Joe Szimhart, a cult intervention specialist who has counselled dozens of former Ramtha members, says the film is a glitzy recruitment tool.

"Most people will think it's just a silly film. But it will attract those who are already part of the New Age movement. And there's a huge market for that sort of thinking," he says, referring to fans of author Deepak Chopra or media magnate Oprah Winfrey.

And even though Szimhart says there's no danger in watching the movie, he would argue that it does legitimize some dangerous beliefs to those who already believe them.

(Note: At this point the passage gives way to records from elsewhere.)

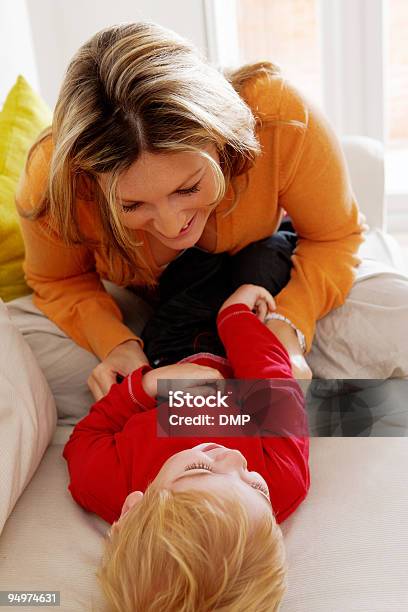 Madre Y Niño Pequeño Jugando En El Sofá En Casa Foto de stock y más banco de imágenes de 2-3 años - 2-3 años, 20-24 años, Acogedor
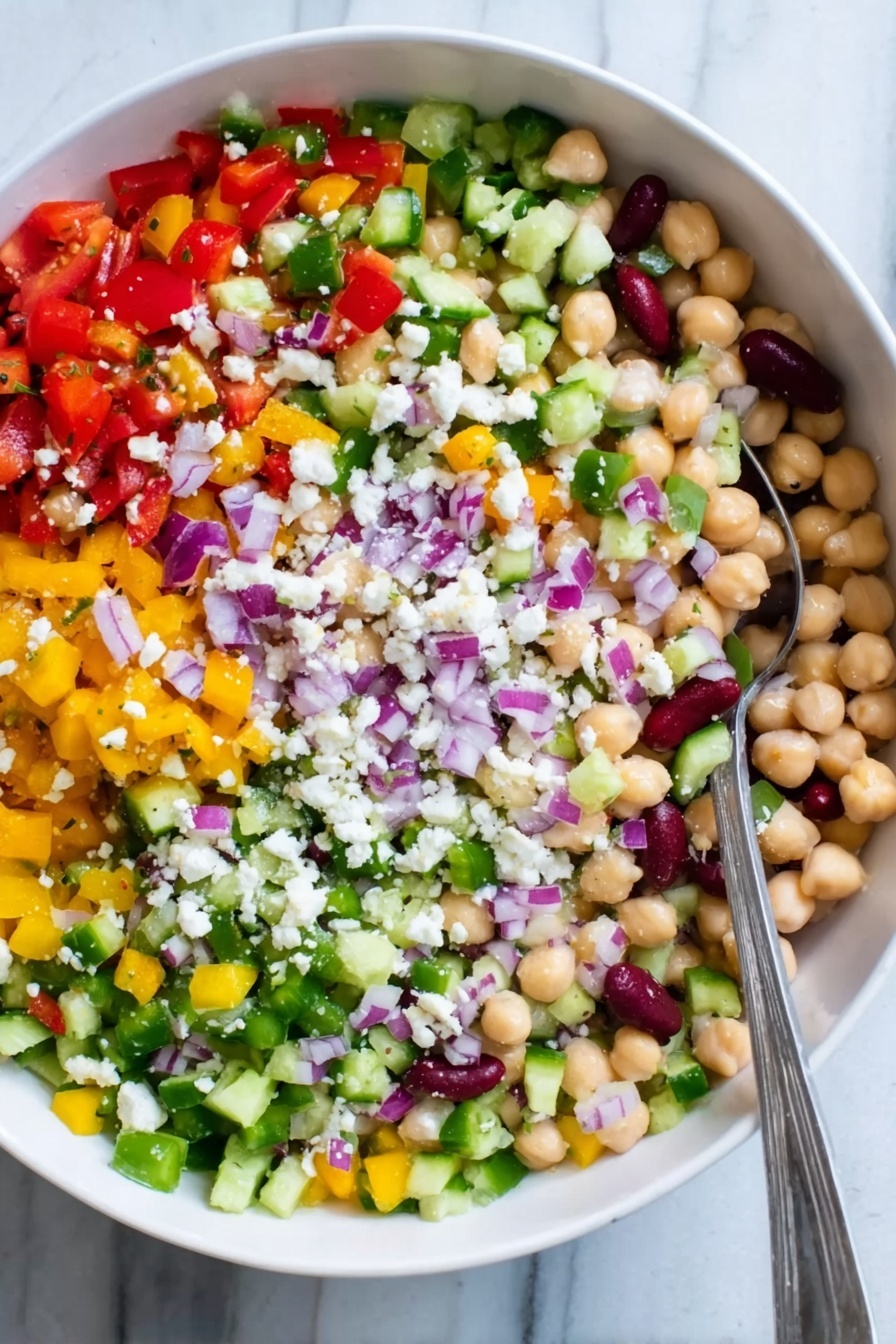 The image shows a white bowl filled with a colorful salad made of many small chopped vegetables and beans. There are five visible layers: at the bottom is a mix of small round chickpeas and white beans with a creamy texture, above that are chopped bright red tomatoes and diced yellow peppers spread evenly, next is a layer of finely chopped green celery and cucumber giving a fresh look, on top of that are small pieces of purple onions scattered across, and sprinkled all over are tiny white crumbles of cheese. A silver spoon is resting on the left side inside the bowl. The bowl sits on a white marbled surface. Photo taken with an iphone --ar 2:3 --v 7 - Creamy Chickpea and Bean Salad, healthy bean salad, protein-packed vegetarian salad, quick lunch salad, refreshing veggie salad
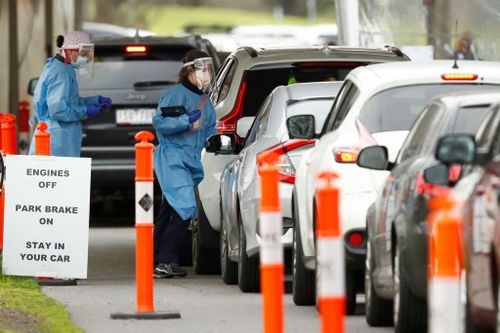 MELBOURNE, AUSTRALIA - JULY 19: Cars are seen lining up at  drive through testing site at Albert Park Lake on July 19, 2021 in Melbourne, Australia. Lockdown restrictions have come into effect across Victoria as health authorities work to contain two COVID-19 outbreaks linked to Sydney's delta strain coronavirus cluster. The snap five-day lockdown, which came into effect at midnight on Thursday, was called after more new COVID-19 cases and exposure sites were confirmed across the state. Under th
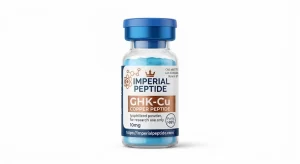Professional product photograph of a clear glass vial containing light blue GHK-Cu copper peptide powder, sealed with a blue flip-off cap on a white background.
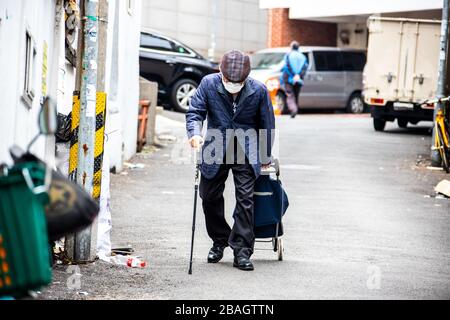 Uomo anziano che indossa una maschera protettiva durante la pandemia di Coronavirus a Seoul, Corea del Sud Foto Stock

"It feels like a celebration, while most of the time they just hear criticism," says Szimhart, who recommends the book How to Think About Weird Things: Critical Thinking for a New Age by Theodore Schick and Lewis Vaughn for the naive or uninitiated who find themselves fascinated by the film's ideas.

The film's premise -- that human beings are part of some sort of cosmic, impersonal intelligence or energy, but just not completely tuned into it -- is hardly new. Szimhart says it goes to the New Thought movement of the late 19th century and its early religious leaders.

"It's extremely seductive," says Szimhart, who once belonged to a New Age sect called Church Universal and Triumphant. "It taps into our innate narcissism by saying it's all about you. The cosmos cares about you. It might. I don't know. But these groups say they do know that.

"And the danger is that the product they're selling -- cosmic consciousness -- is an illusion. Groups like Ramtha and transcendental meditation are saying they can help the person release some sort of potential within themselves, but there's no evidence of that."

Szimhart, who now does counselling at a psychiatric emergency hospital in Pennsylvania, says he has seen the damage first-hand.

"A lot of the people I've helped out of TM and the Ramtha group have ruined their lives. They've divorced or relocated or invested a lot of money in these courses. When they finally wake up and realize they've just spent the last five or 10 years on something that isn't real, there can be a lot of recovery problems."